The Wikipedia community is the community of contributors of the online encyclopediaWikipedia. It consists of editors and administrators, known as admins. The Arbitration Committee is a panel of editors responsible for conducting arbitration to resolve serious disputes between editors of the encyclopedia. The committee has the authority to impose binding sanctions, and also determines which users have access to special permissions.
Wikimedia Commons, a data repository of media like images, videos and sounds. These files are accessible by all the other projects mentioned above, hence the name "Commons."
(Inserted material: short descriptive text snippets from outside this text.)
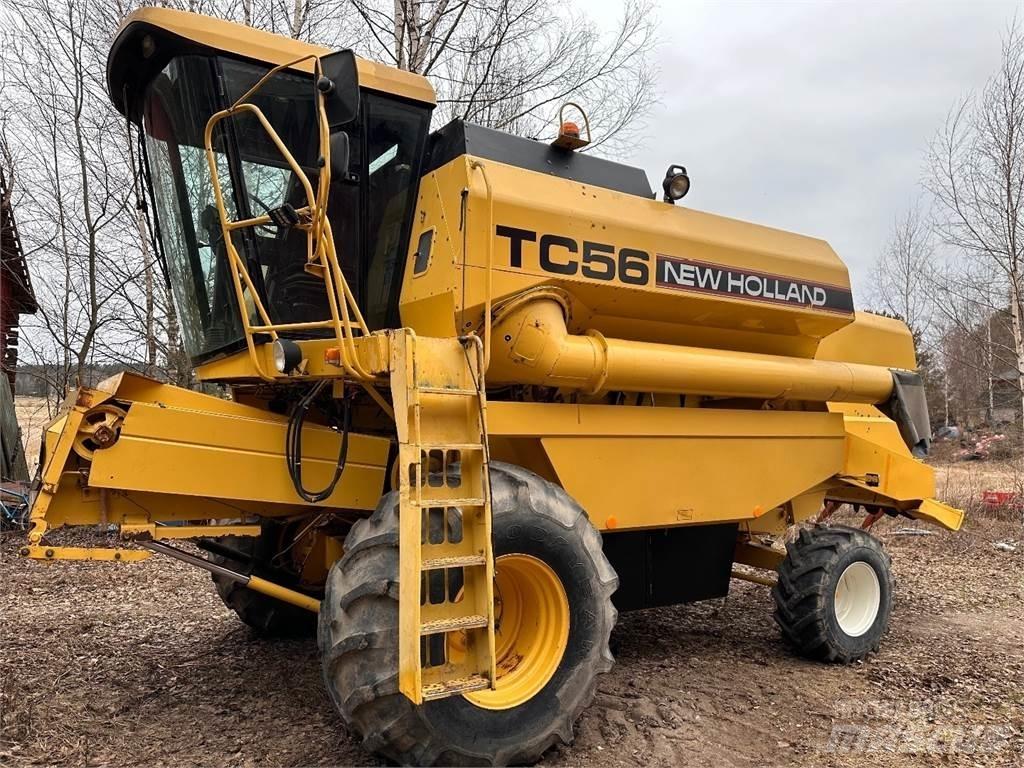 New Holland TC56 حصادات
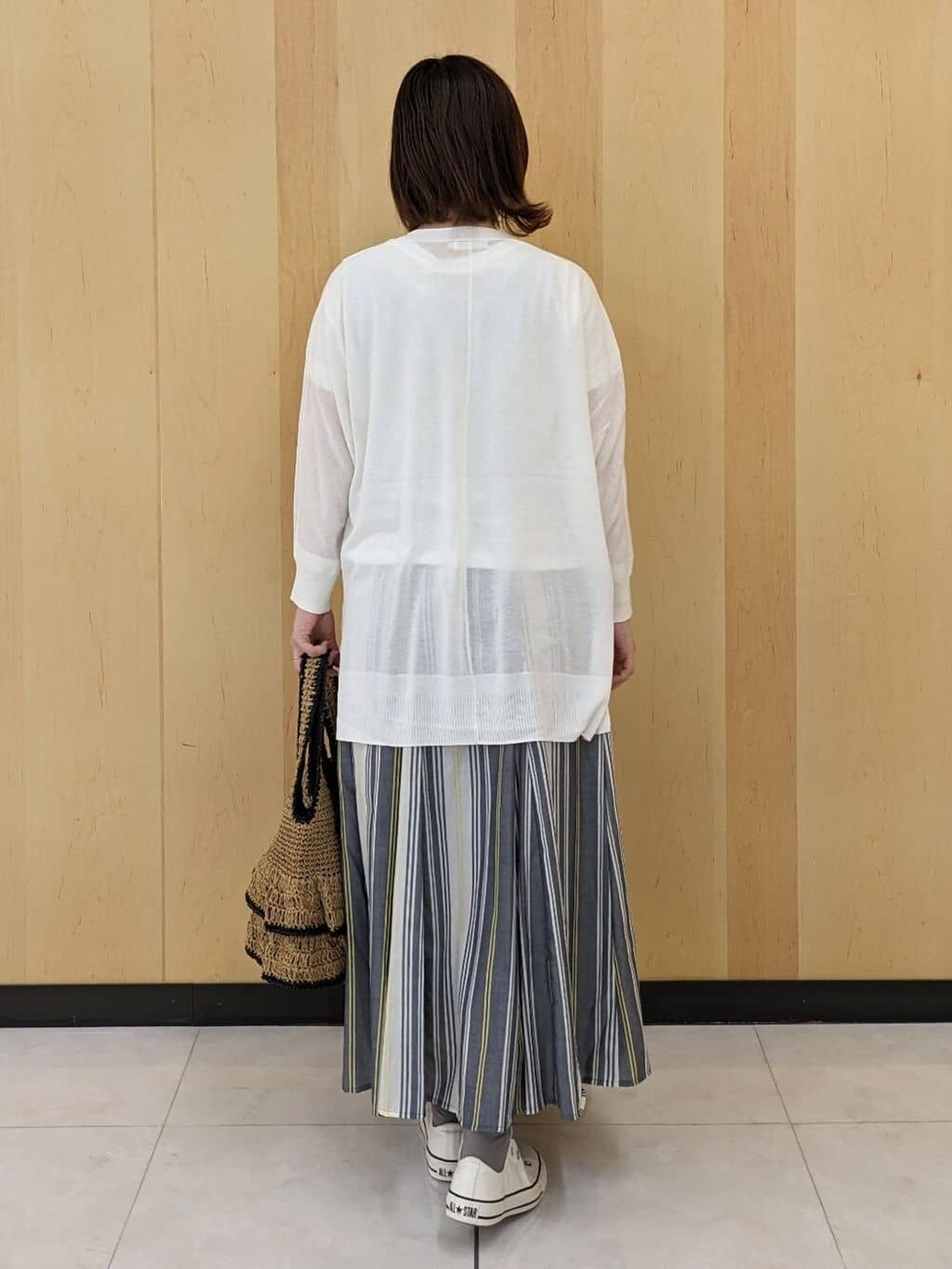 ホワイト系のカーディガン/ボレロ、ホワイト系のTシャツ/カットソー、イエロー系のトートバッグを着用したレディースの春コーディネートの3枚目の写真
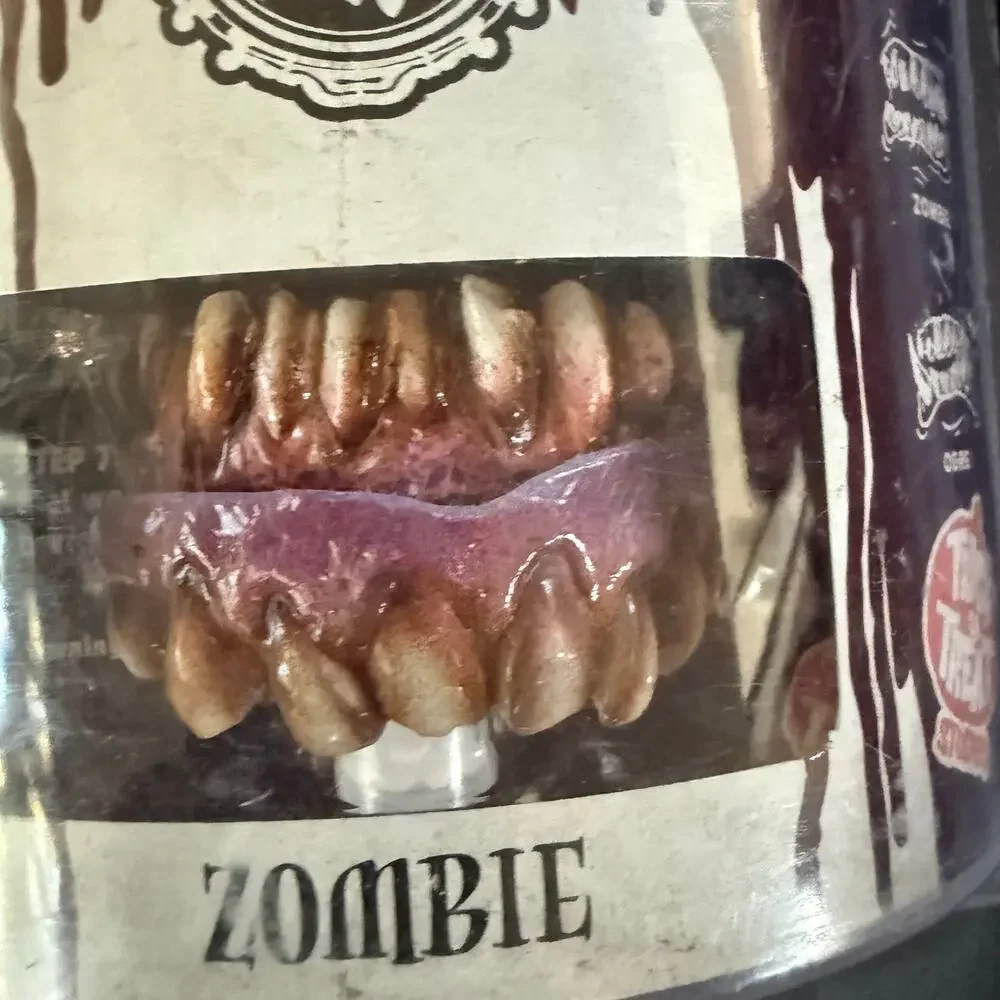 Trick or Treat Studios Bitemares Zombie Horror Teeth FX Costume Fangs New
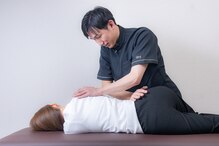 肩こりと腰痛にお悩みの方にリンパマッサージ 骨盤矯正がおすすめの整体 熊本市内院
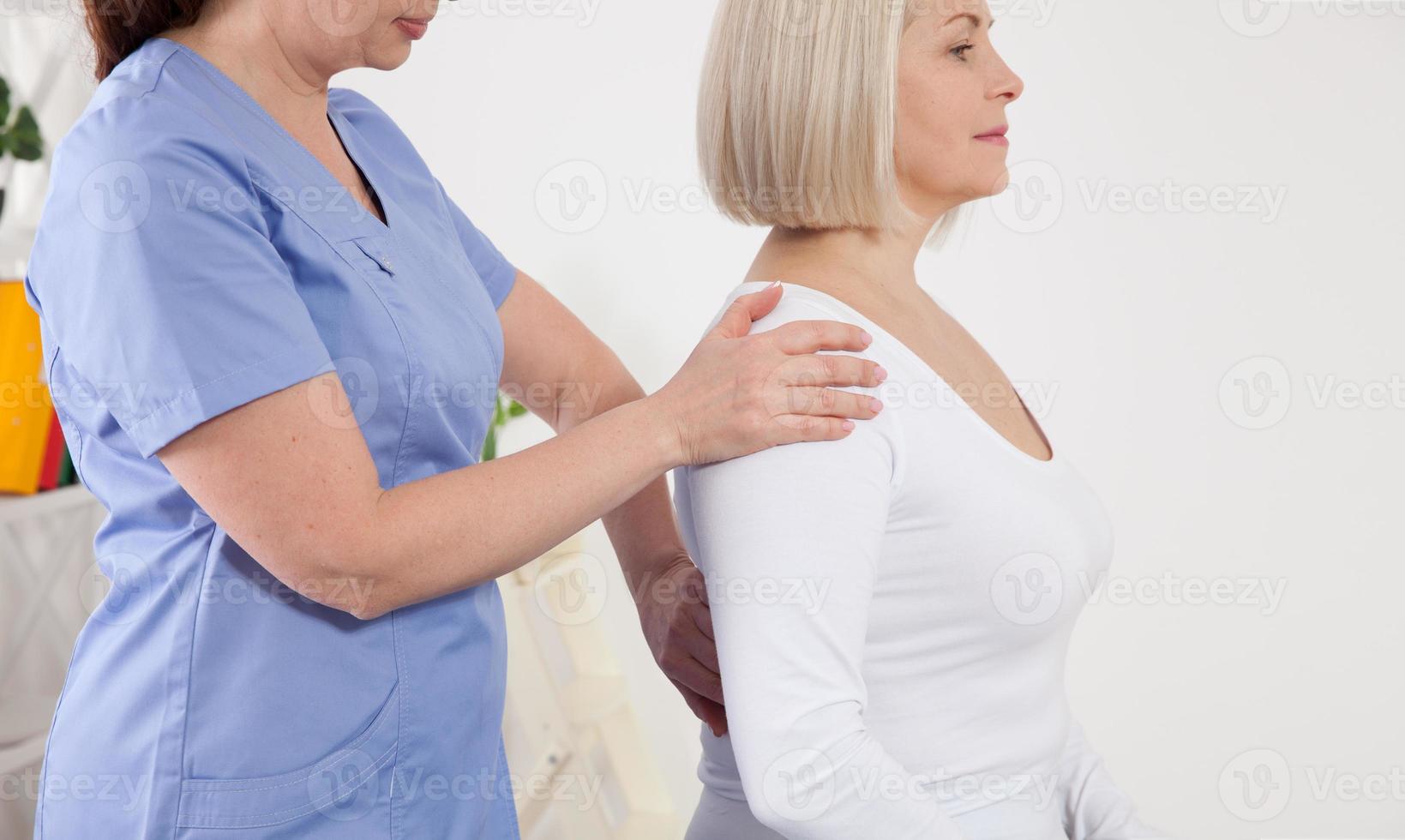 fisioterapia, tratamiento de rehabilitación de lesiones deportivas. mujer con ajuste de espalda quiropráctico. osteopatía, medicina alternativa, concepto de alivio del dolor. foto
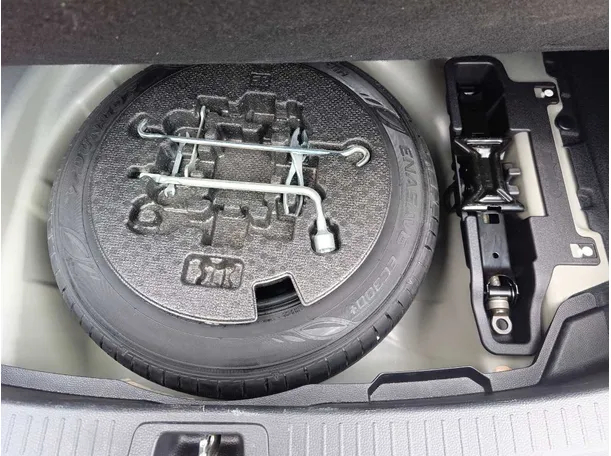 Car image 27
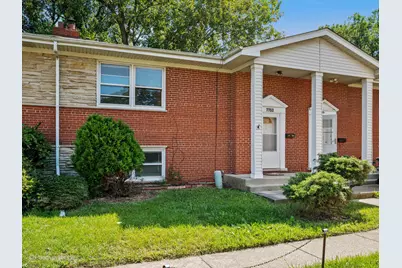 7753 N Nordica Avenue, Niles, IL 60714 - Photo 1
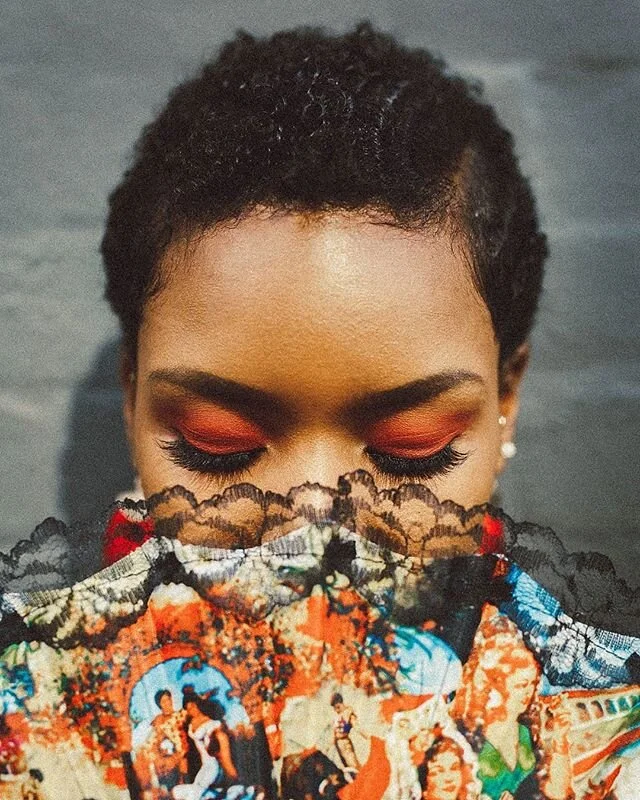 Listen to what she says with her eyes // Akilah .
.
#eyes #canonphotography #london #portraitphotography  #design  #gold &nbsp;#portraiture #makeupartist #summer #featurepalette #portraitmood #mua #profile_vision #fashion #fashionphotography #postthe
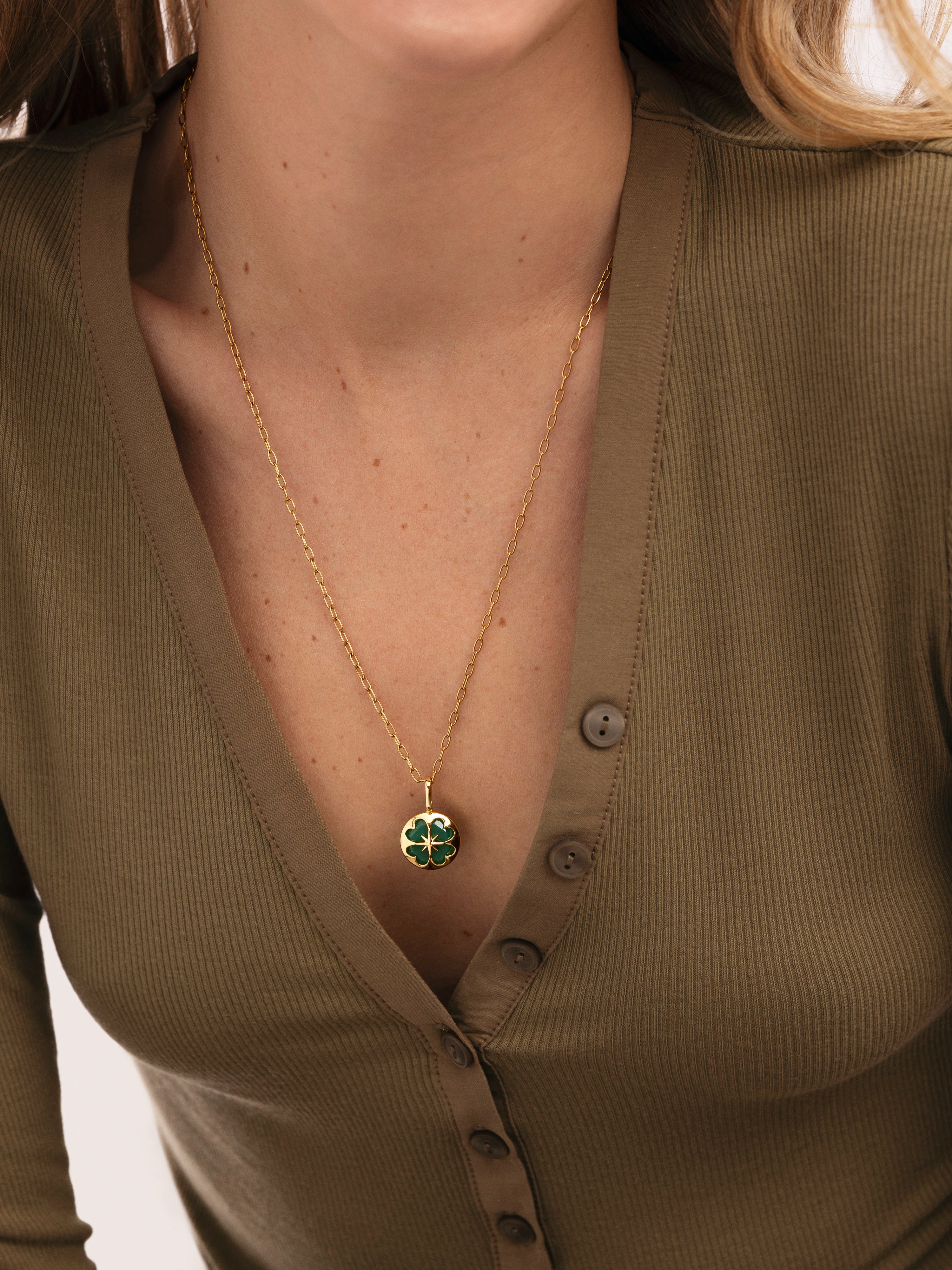 Clover Agata Stone Gold Charm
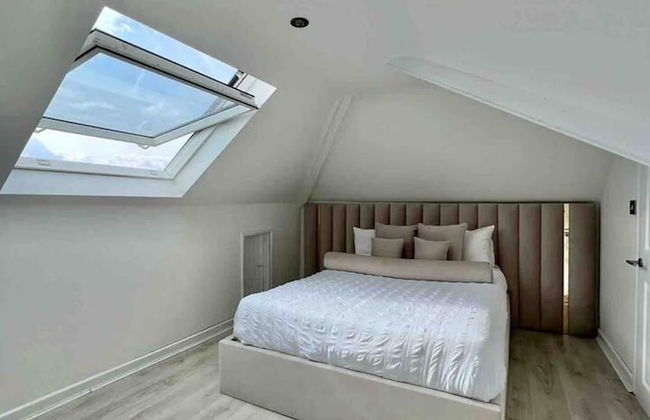 Luxury 3 Bedroom Penthouse w Massive Roof Terrace - Foto 1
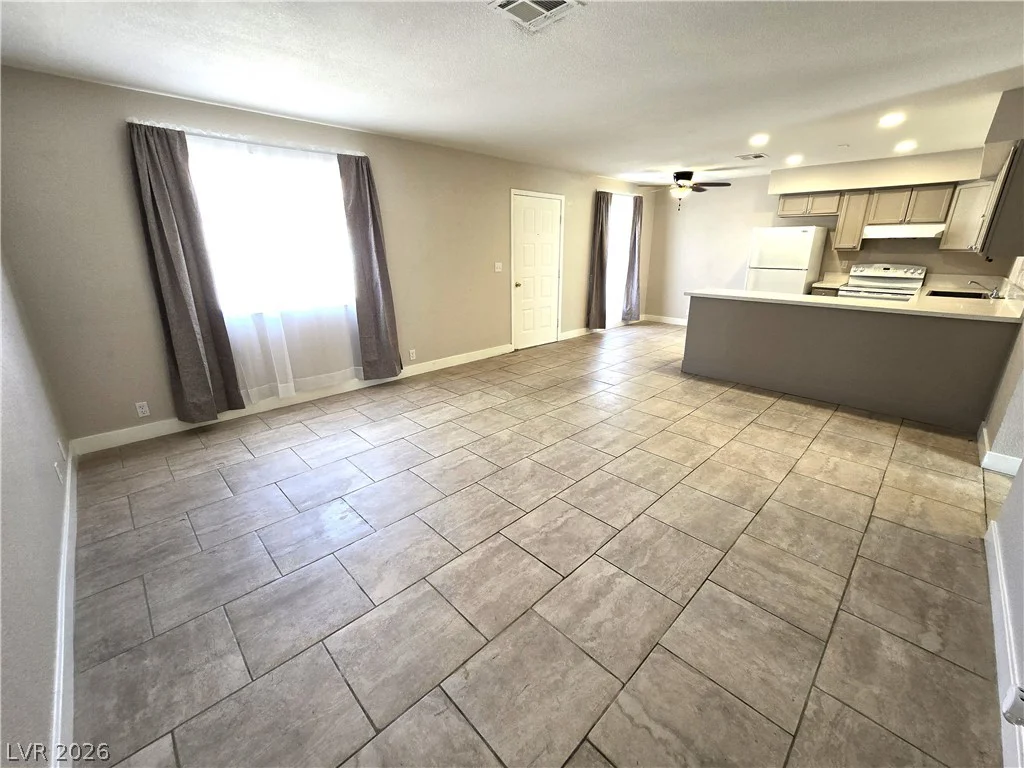 4300 Lamont, Las Vegas, NV 89115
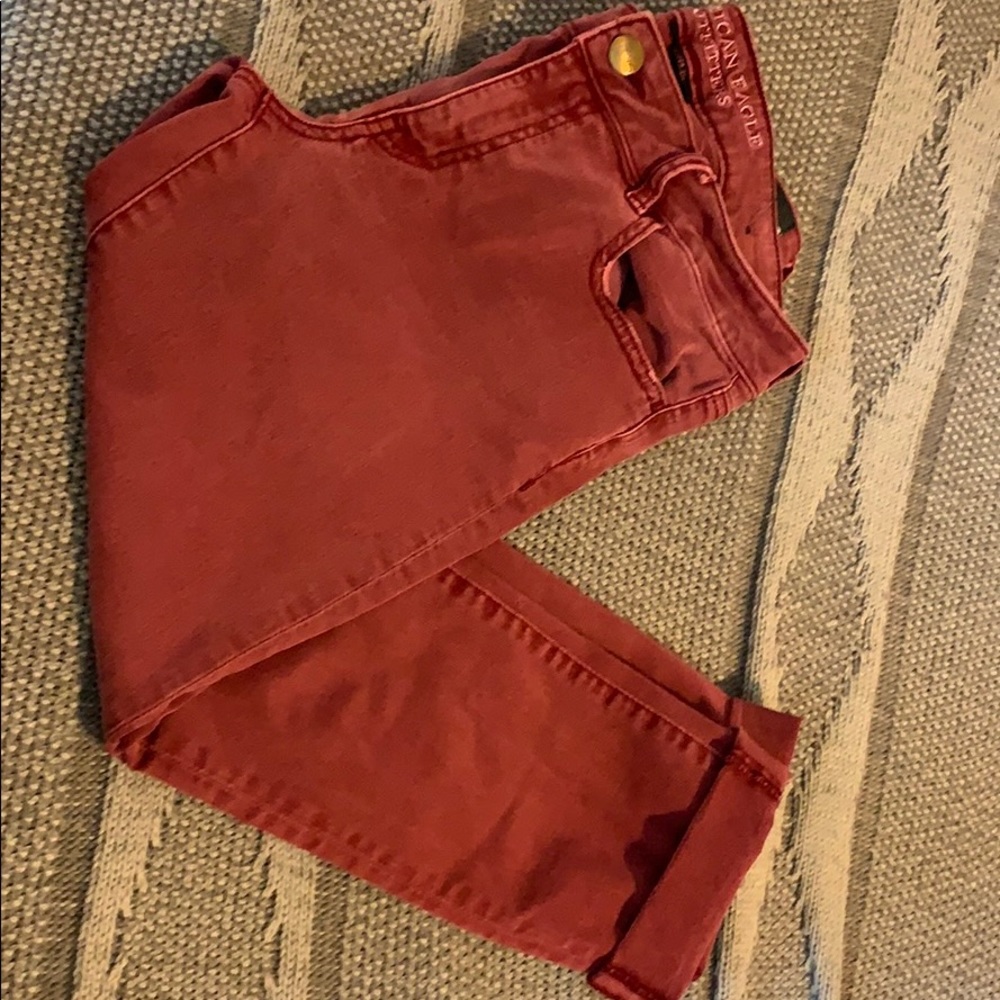American Eagle Outfitter crop jeggings.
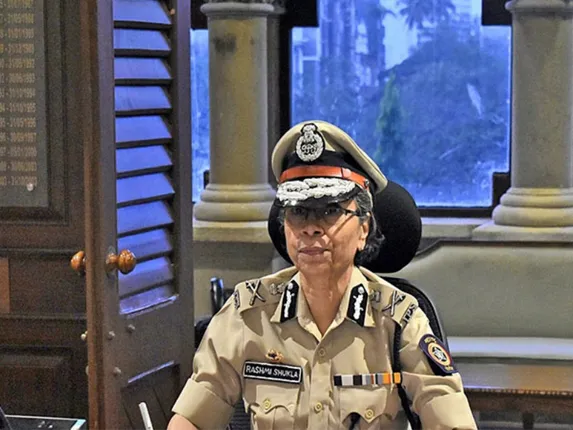 कांग्रेस की शिकायत के बाद चुनाव आयोग ने महाराष्ट्र DGP रश्मि शुक्ला का किया तबादला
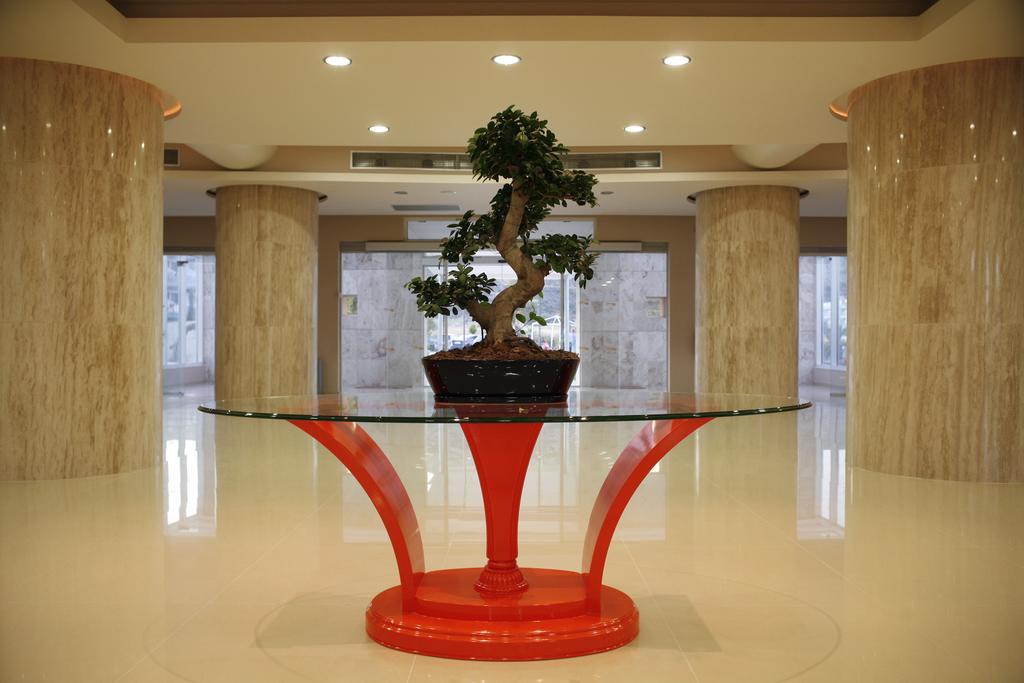Sun Palace Ξενοδοχείο Φαληράκι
Wikidata, a common source of data, also accessible by the other projects
Organizations
Wikimedia Foundation
The Wikimedia Foundation is an American non-profit and charitable organization headquartered in San Francisco, California. It owns the domain names and operates most of the movement's websites, like Wikipedia, the online encyclopedia, as well as Wikimedia Commons. The WMF was founded in 2003 by Jimmy Wales as a way to fund Wikipedia and its sister projects through non-profit means. Its purpose is "... to empower and engage people around the world to collect and develop educational content under a free license or in the public domain, and to disseminate it effectively and globally." According to the WMF's 2015 financial statements, in 2015 the WMF had a budget of US$72 million, spending US$52 million on its operation, and increasing its reserves to US$82 million. WMF is primarily funded by donations with the average donation being $15.
Chapters
Chapters are organizations that support Wikimedia projects in specified geographical regions, mostly countries. There are currently 38 chapters. Wikimedia Deutschland is the largest chapter, with a total budget of €20 million. WMDE allocates approximately €1 million to support the corporation responsible for distributing donations, and €4 million for transfer to the WMF. To have the same procedure, every chapter follows the same process and requests its yearly budget at the funds dissemination committee. The foundation as internet domain owner of the project pages requests a share of the donations via the website in a country, or pays a chapter the agreed amount. A total of under 4 Mio USD is distributed via this way to chapters and thematic organizations. The legal base is a "Chapters Agreement" with the foundation.
Thematic organizations
Thematic organizations are founded to support Wikimedia projects in a subject focal area; there are currently two such organizations. They are governed by the "Wikimedia Thematic Organization Agreement".
User groups
User groups have less formal requirements than chapters and thematic organizations. They support and promote the Wikimedia projects locally or on a specific theme, topic, subject, or issue. Once they are recognized by the Affiliations Committee, they enter into a "User Groups Agreement and Code of Conduct" with the foundation. As of May 2019, there are 108 user groups.